→ **Dataset**
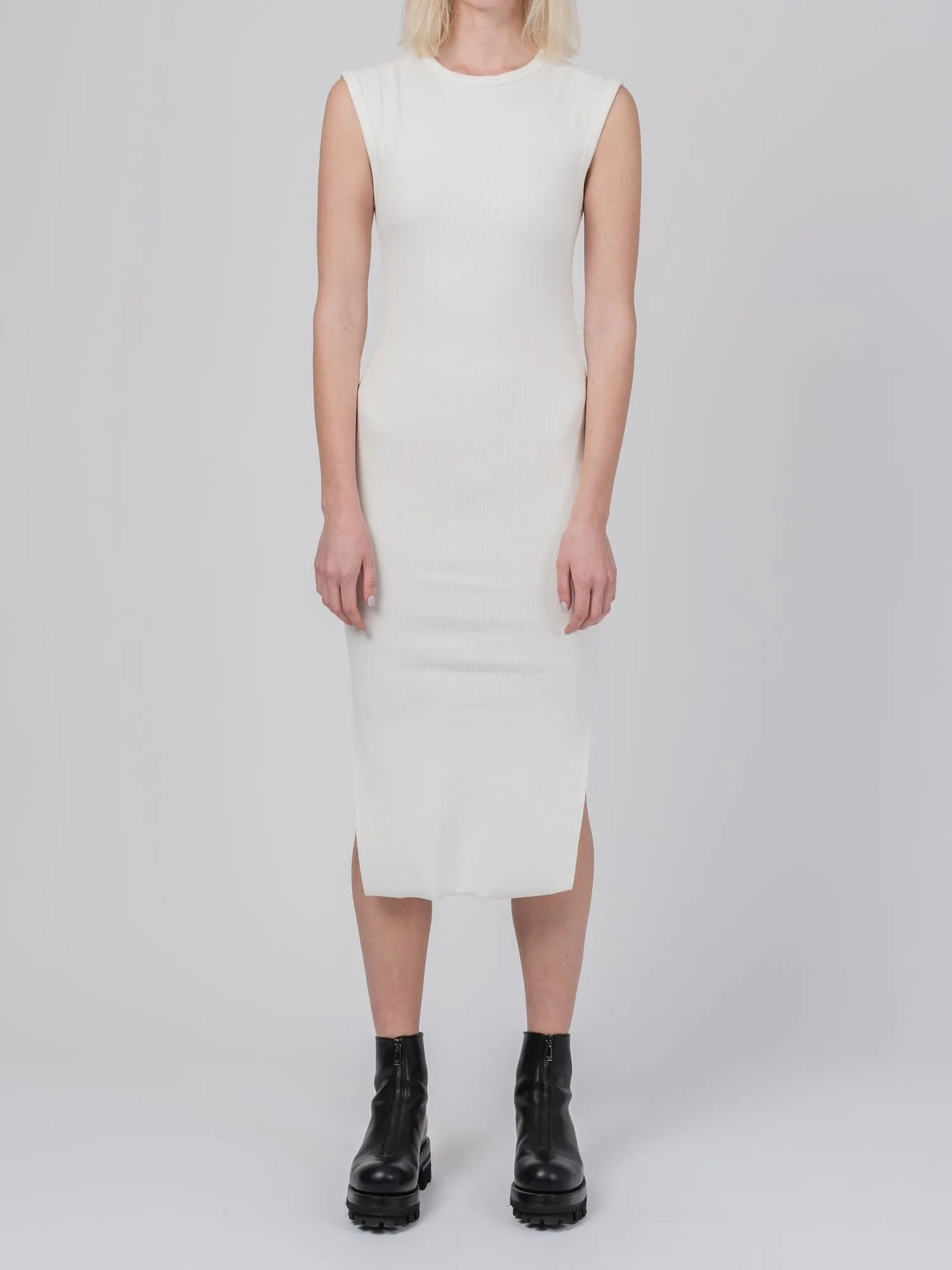 DRESS - by THOM KROM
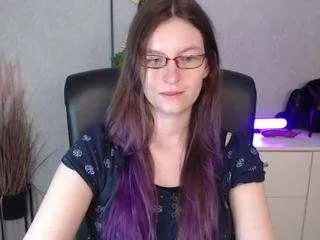 Emmatease94 from CamSoda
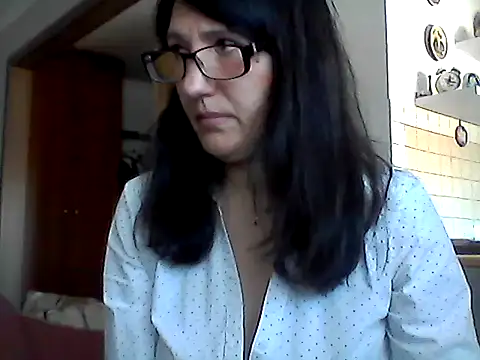 Elena48324 online show from 04/05/26, 09:16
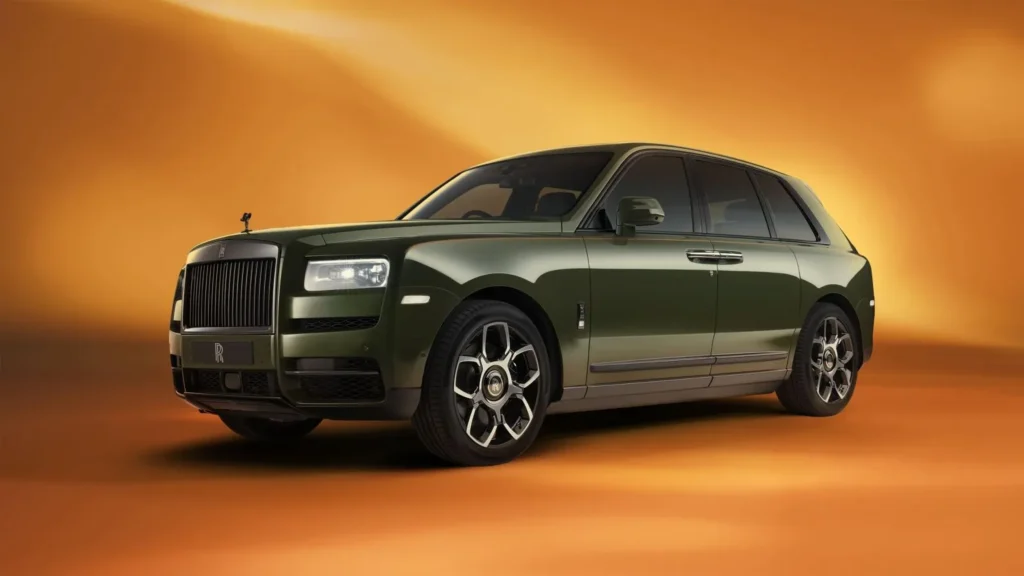 xe ô tô Rolls-Royce Cullinan: SUV siêu sang bán chạy nhất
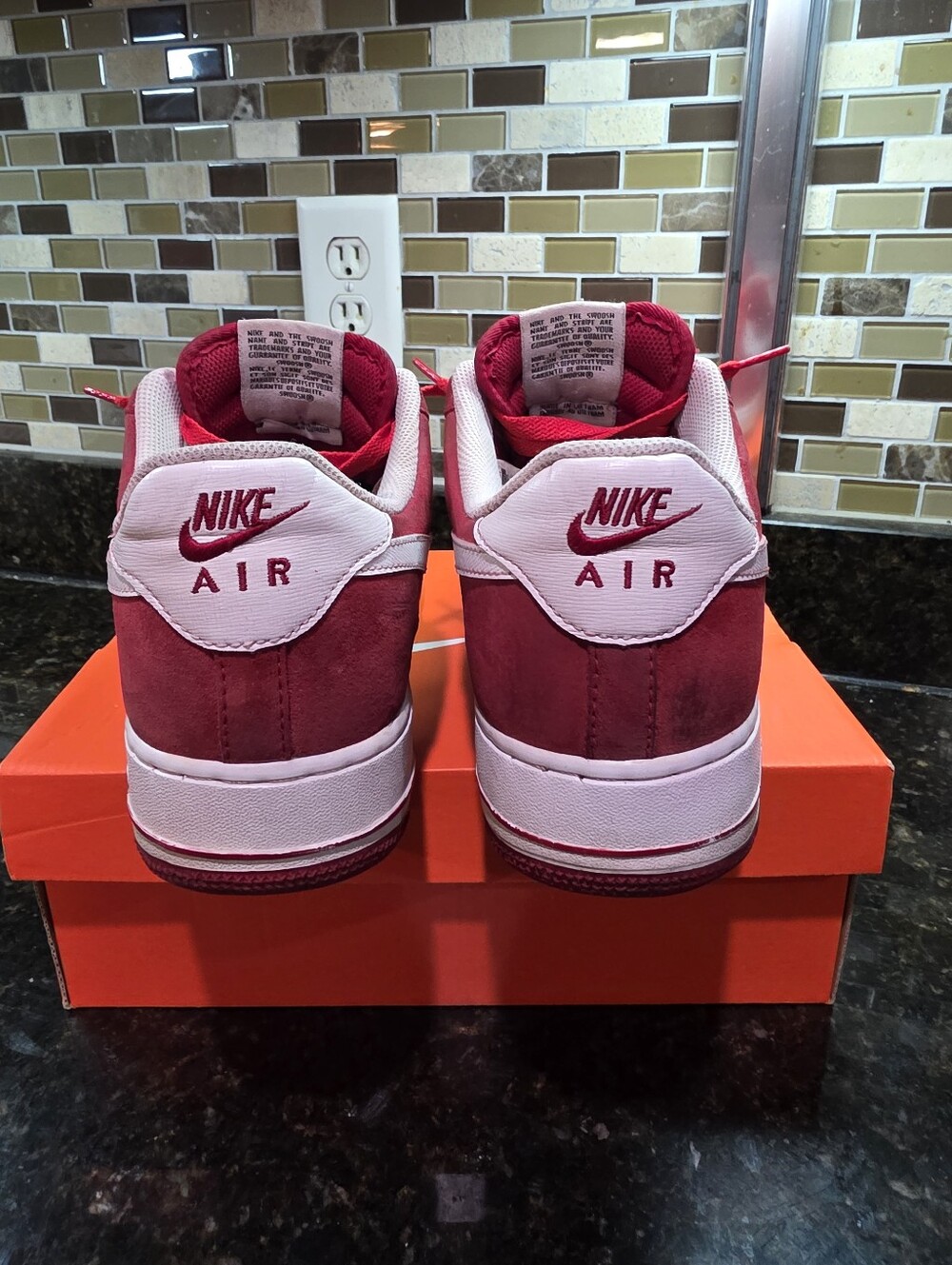 Nike Air Force 1 ♤ Gym Red / White ♤ SKU 488298-620 ♤ Mens 11 ♤ BEAUTIFUL - Picture 5 of 7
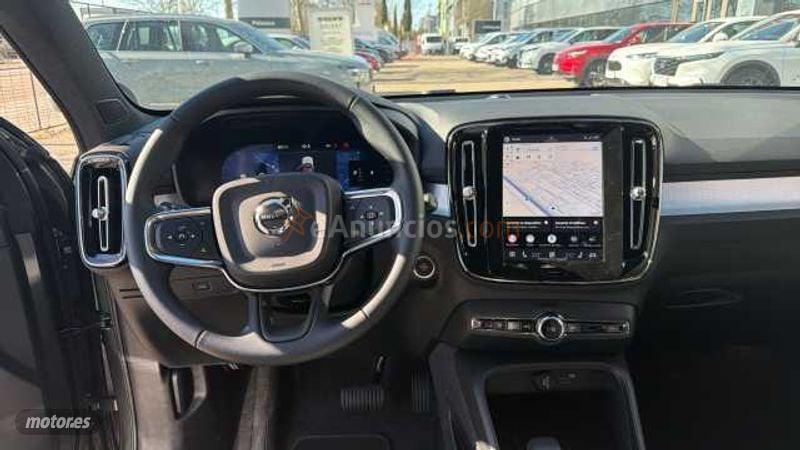 Volvo XC40 Core, B3 Mild hybrid, Gasolina de 2026 con 889 Km por 39.995 EUR. en Valladolid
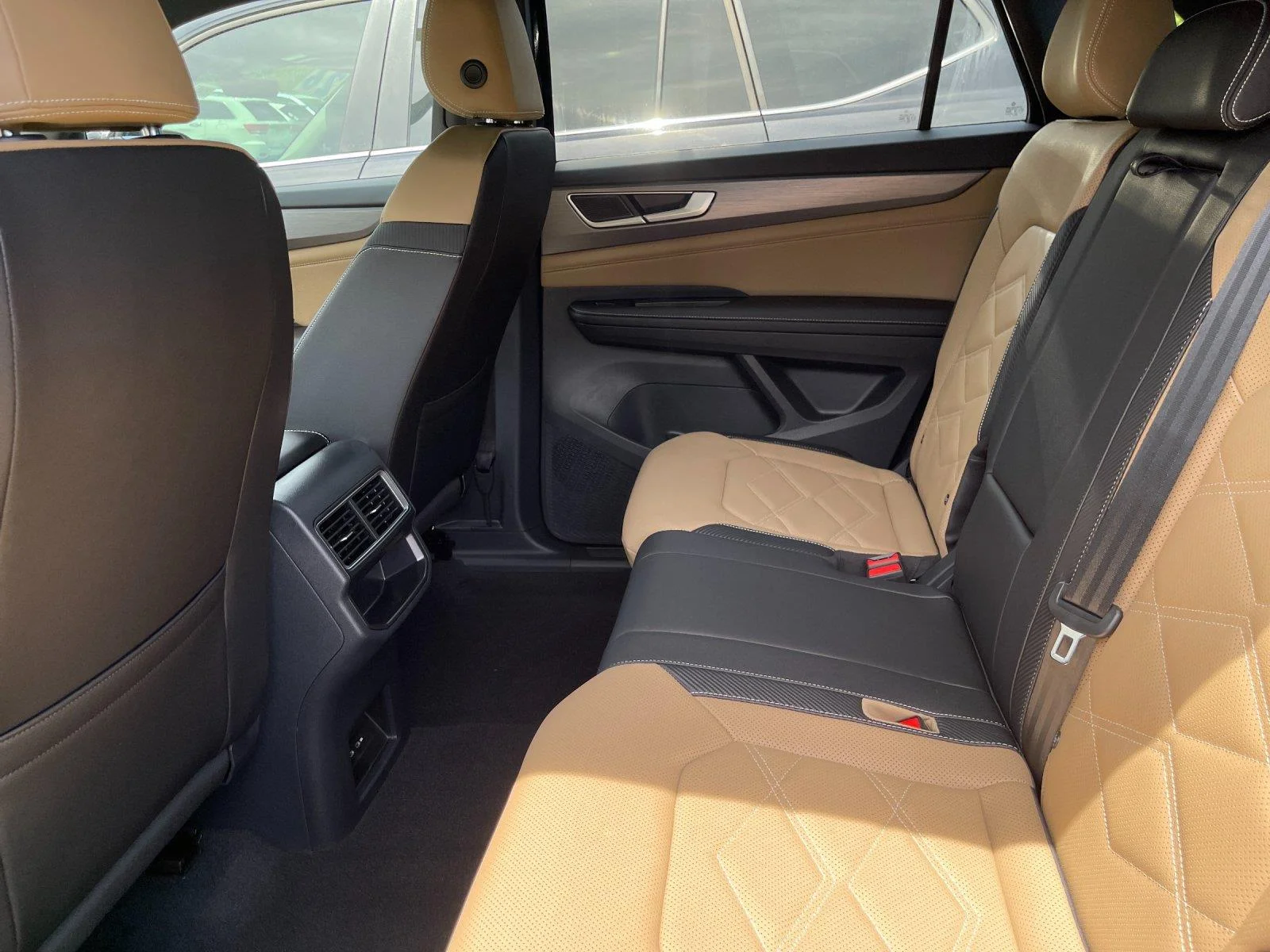 New 2026 Deep Black Pearl Volkswagen 2.0T SE image 32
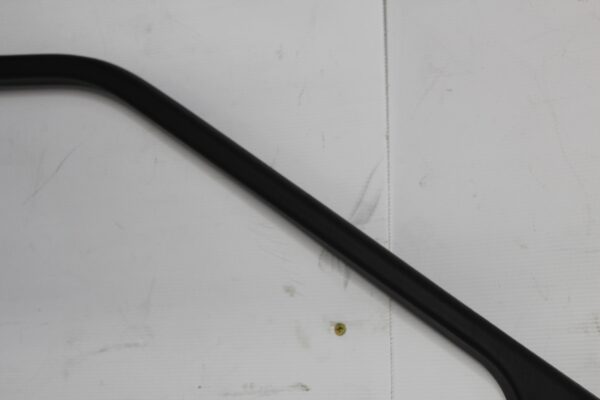 Range Rover Sport L494 Front Left Door Seal Mould w Speaker LR043839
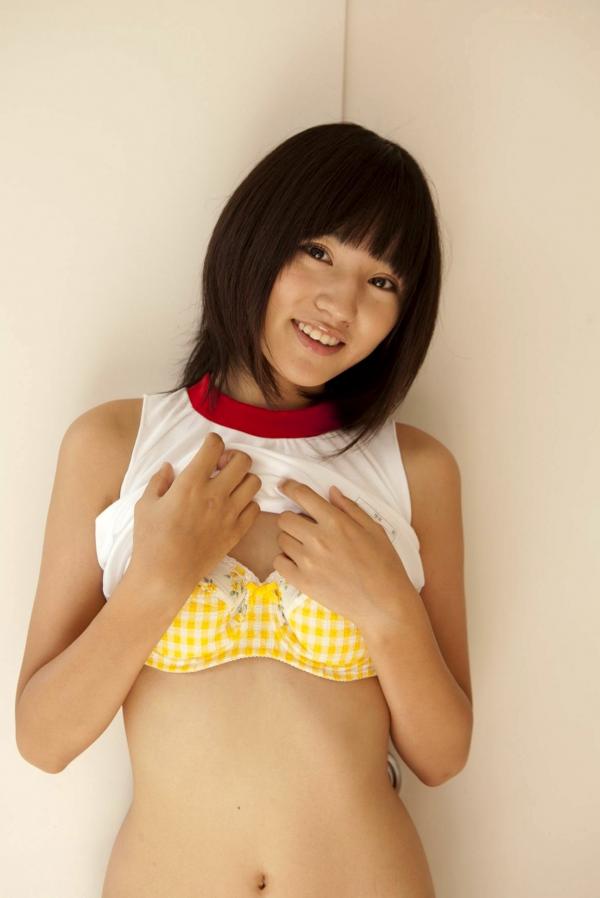 保田真愛 保田真爱  保田真爱清纯比基尼海边写真实拍，短发少女的清新夏季诱惑第43张图片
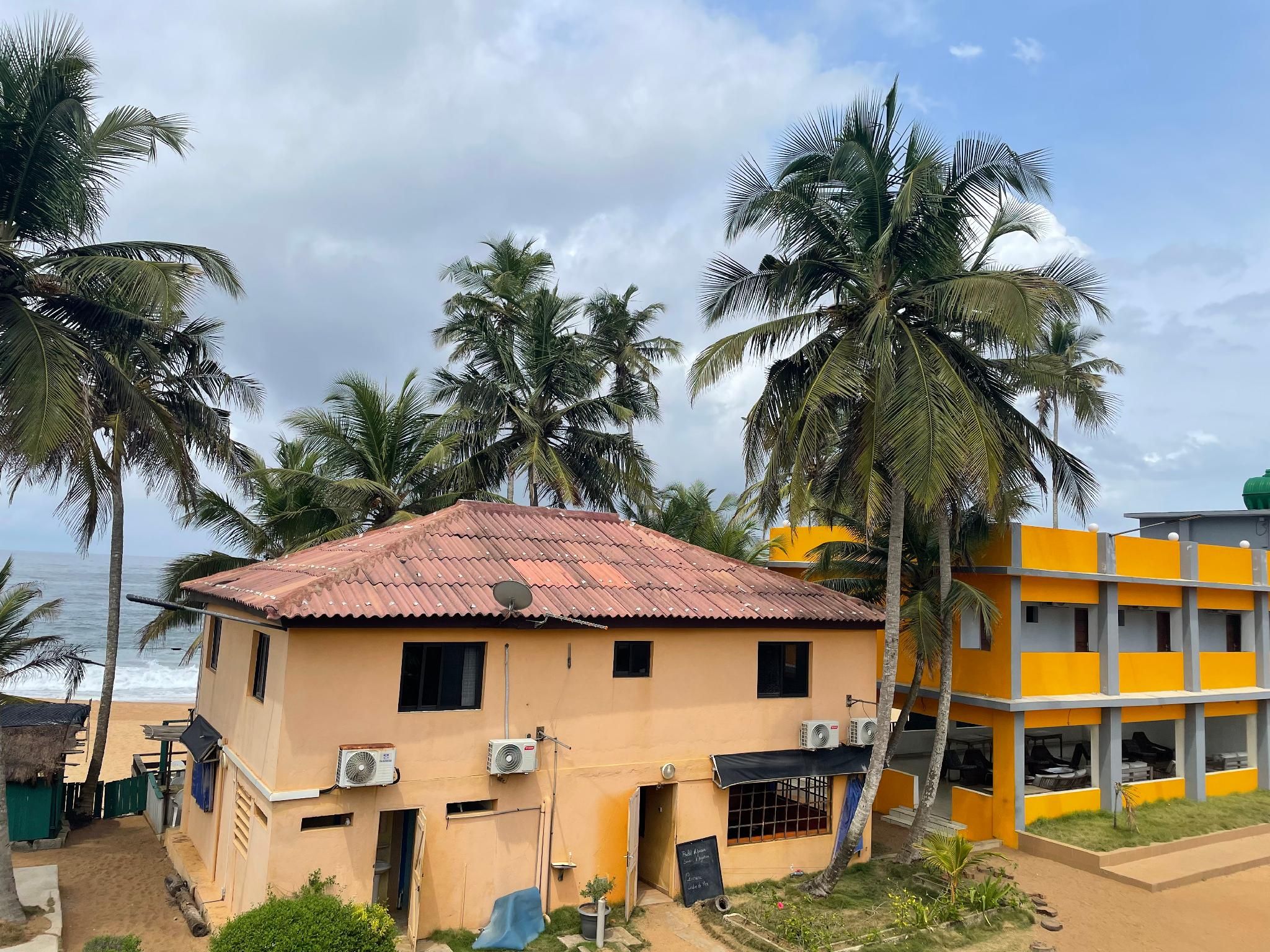 Hotel Restaurant Lounge Madiana Plage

→ **Assignment**
What should be set down is every line from the opening of the records through the line that contains "Volvo XC40 Core, B3", exactly, with pictures left out.

→ **Your solution**
 DRESS - by THOM KROM
 Emmatease94 from CamSoda
 Elena48324 online show from 04/05/26, 09:16
 xe ô tô Rolls-Royce Cullinan: SUV siêu sang bán chạy nhất
 Nike Air Force 1 ♤ Gym Red / White ♤ SKU 488298-620 ♤ Mens 11 ♤ BEAUTIFUL - Picture 5 of 7
 Volvo XC40 Core, B3 Mild hybrid, Gasolina de 2026 con 889 Km por 39.995 EUR. en Valladolid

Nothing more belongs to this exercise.